Your objective: Repeat exactly the lines of the material below that run from the "2023淘宝数据化运营14式" line to the "4 parts of the occipital" line, including both, and do not carry over any pictures.

Data provided:
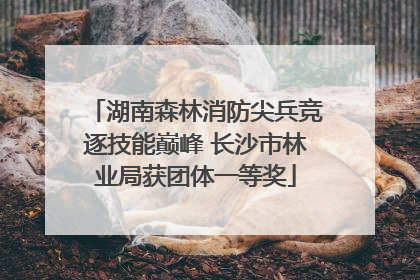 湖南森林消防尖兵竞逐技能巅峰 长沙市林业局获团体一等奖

---

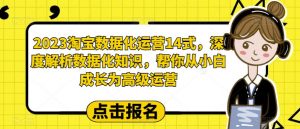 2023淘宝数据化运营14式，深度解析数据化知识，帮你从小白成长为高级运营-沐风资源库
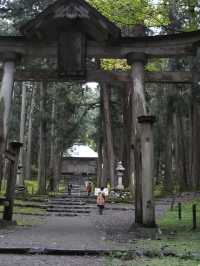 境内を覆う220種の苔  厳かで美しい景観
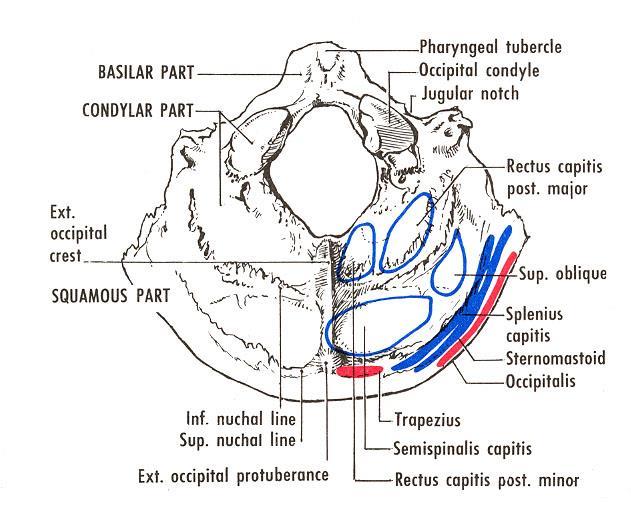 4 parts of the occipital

==

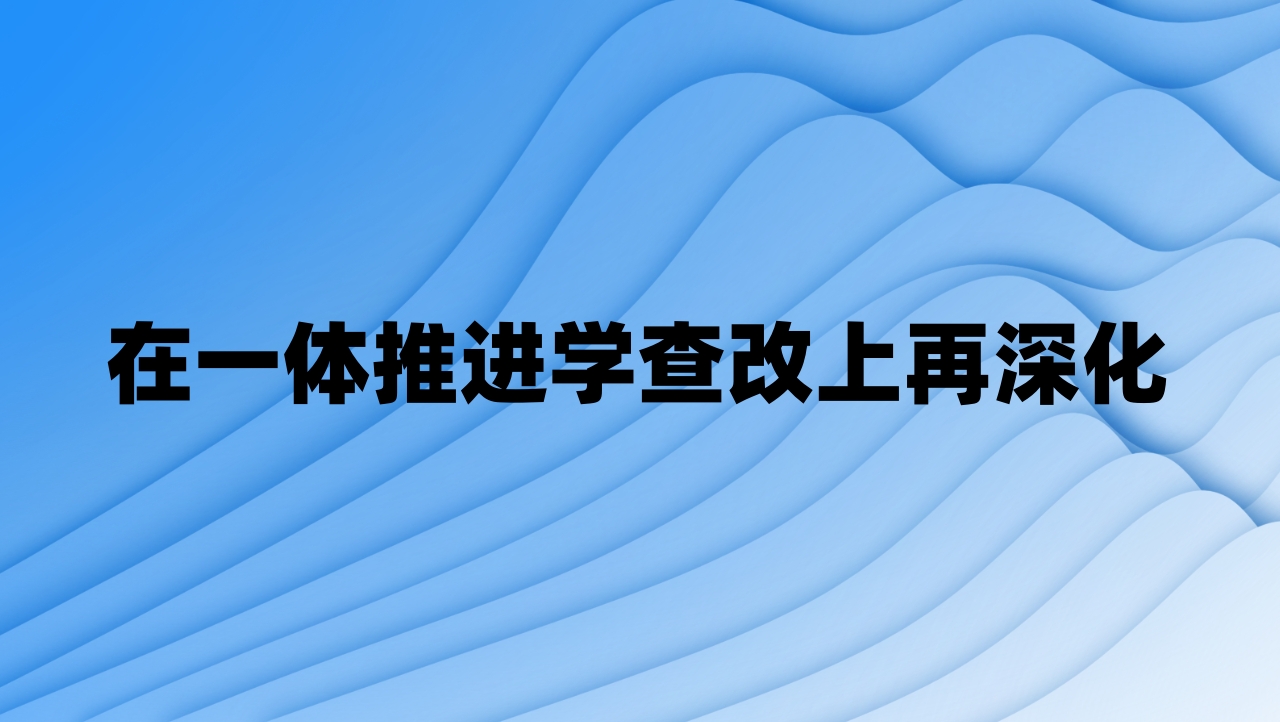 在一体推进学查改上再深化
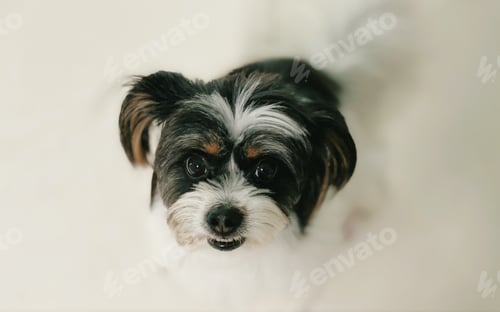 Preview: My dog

Answer to the problem:
 2023淘宝数据化运营14式，深度解析数据化知识，帮你从小白成长为高级运营-沐风资源库
 境内を覆う220種の苔  厳かで美しい景観
 4 parts of the occipital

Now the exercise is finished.